This is the 2nd article in the Demystifying System Design interview series where I’ll go into details about what is Domain Name Servers (DNS) and how it works.
Let's explore the origin of DNS. To illustrate, consider the case of mobile phones, where each user is assigned a unique number. Initially, we may memorize a few numbers to make calls to friends. However, as our contact list expands, we rely on a phone book to store all the numbers. This way, whenever we need to make a call, we consult the phone book and dial the desired number.
To access a website hosted on a machine, we use its IP address. However, humans find it difficult to remember IP addresses to access domain names, such as 142.250.180.14 for google.com. Therefore, we require a repository that functions like a phone book and maintains all mappings of domain names to IP addresses.
DNS is an internet service that converts user-friendly domain names into machine-readable IP addresses. This system operates transparently, without users noticing it, as their browser automatically requests the corresponding IP address from the DNS infrastructure upon entering a domain name. The final IP address is then used to forward the user's request to the intended web server.
The DNS is not a single server but rather a comprehensive infrastructure with multiple servers. The name servers are the DNS servers responsible for responding to users' queries.
The DNS database stores the mappings between domain names and IP addresses as resource records (RRs), which are the smallest units of information that users can request from the name servers. These RRs come in various types, each with a distinct type, name, and value. Depending on the RR type, the name and value of the record will change. The table below outlines the common types of RRs.
To minimize request latency, DNS implements caching at multiple levels. Caching is a critical feature that alleviates the load on DNS infrastructure, which has to handle requests from the entire internet.

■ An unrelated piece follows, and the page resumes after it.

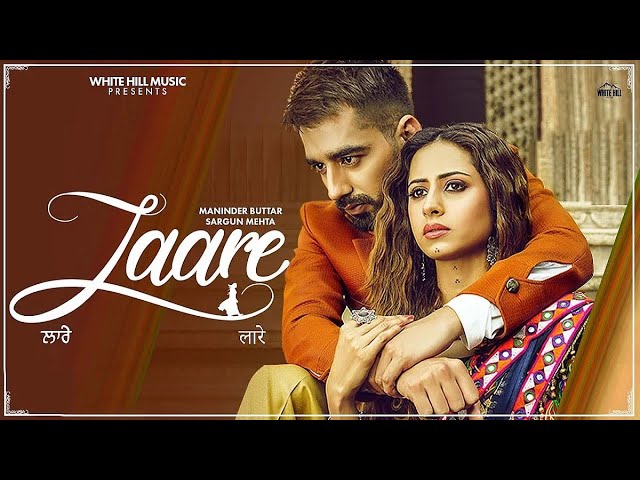 Laare Song || Maninder Buttar || Shargun Mehta || Jaani || Latest Punjabi Song New Hindi Songs 2019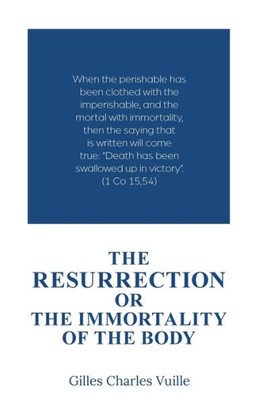 The Resurrection, Or the Immortality of the Body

DNS name servers are arranged in a hierarchical structure that facilitates scalability. This tree-like organization enables DNS to handle the growing size and query load effectively. In the following lesson, we will delve into how this structure manages the entire DNS database.
Let's look into more details of how DNS works.
The DNS is not a singular server that responds to user queries, but rather a comprehensive infrastructure with different hierarchies of name servers. There are four types of servers in the DNS hierarchy.
DNS resolvers: DNS resolvers initiate the querying sequence and forward requests to other DNS name servers, and can also be called local or default servers.
Root-level name servers: Local servers send requests to these servers, which maintain name servers based on top-level domain names like .com, .edu, .us, etc. For example, when someone requests the IP address of google.com, root name servers provide a list of top-level domain (TLD) servers that contain the IP addresses of the .com domain.
Top-level domain (TLD) name servers: These servers are responsible for holding the IP addresses of authoritative name servers. Upon requesting the IP address, the requesting party receives a list of IP addresses that belong to the authoritative servers of the organization.
Authoritative name servers: These are the DNS name servers specific to the organization that provide the IP addresses of their web or application servers.
There are two methods for conducting a DNS query:
Iterative: The local server makes requests for the IP address to the root, TLD, and authoritative servers in sequence.
Recursive: The end user submits a request to the local server, which then requests the root DNS name servers. The root name servers subsequently forward the request to other name servers.
Typically, an iterative query is preferred to reduce query load on DNS infrastructure.
The DNS hierarchy enables the decentralized Internet we use today, but it is also a distributed system with several benefits, including:
There are 13 logical root name servers, designated by the letters A through M, with multiple instances distributed globally. These servers are managed by 12 distinct organizations.
Caching involves storing frequently requested resource records temporarily. A record is a unit of data in the DNS database that displays a name-to-value association. Caching decreases network traffic and response time to the user.
By utilizing caching across different hierarchies, DNS infrastructure querying can be considerably reduced. Browsers, operating systems, local name servers within the user's network, and ISP DNS resolvers can all implement caching.
DNS can handle a lot of traffic because it has a hierarchy. There are about 1,000 copies of the 13 main servers placed in different parts of the world to help with user requests. The work is shared among different servers to handle a user's request. The organizations manage the servers that provide the requested information, and this helps the system to work. Different services take care of different parts of the system, making it easy to manage and expand when needed.
DNS uses different methods to update and share information between servers in a hierarchy. DNS values speed over accuracy because it's used more to read information than write it. Therefore, it updates information slowly and inconsistently. It can take up to three days to update information on all servers on the Internet, depending on the size of the update and the DNS system's structure.
Sometimes, cached information can cause issues with consistency. This happens when a server fails, and the organization needs to update its resource records. Cached records on local and ISP servers might not have the latest information. To solve this problem, each record has an expiration time called time-to-live (TTL).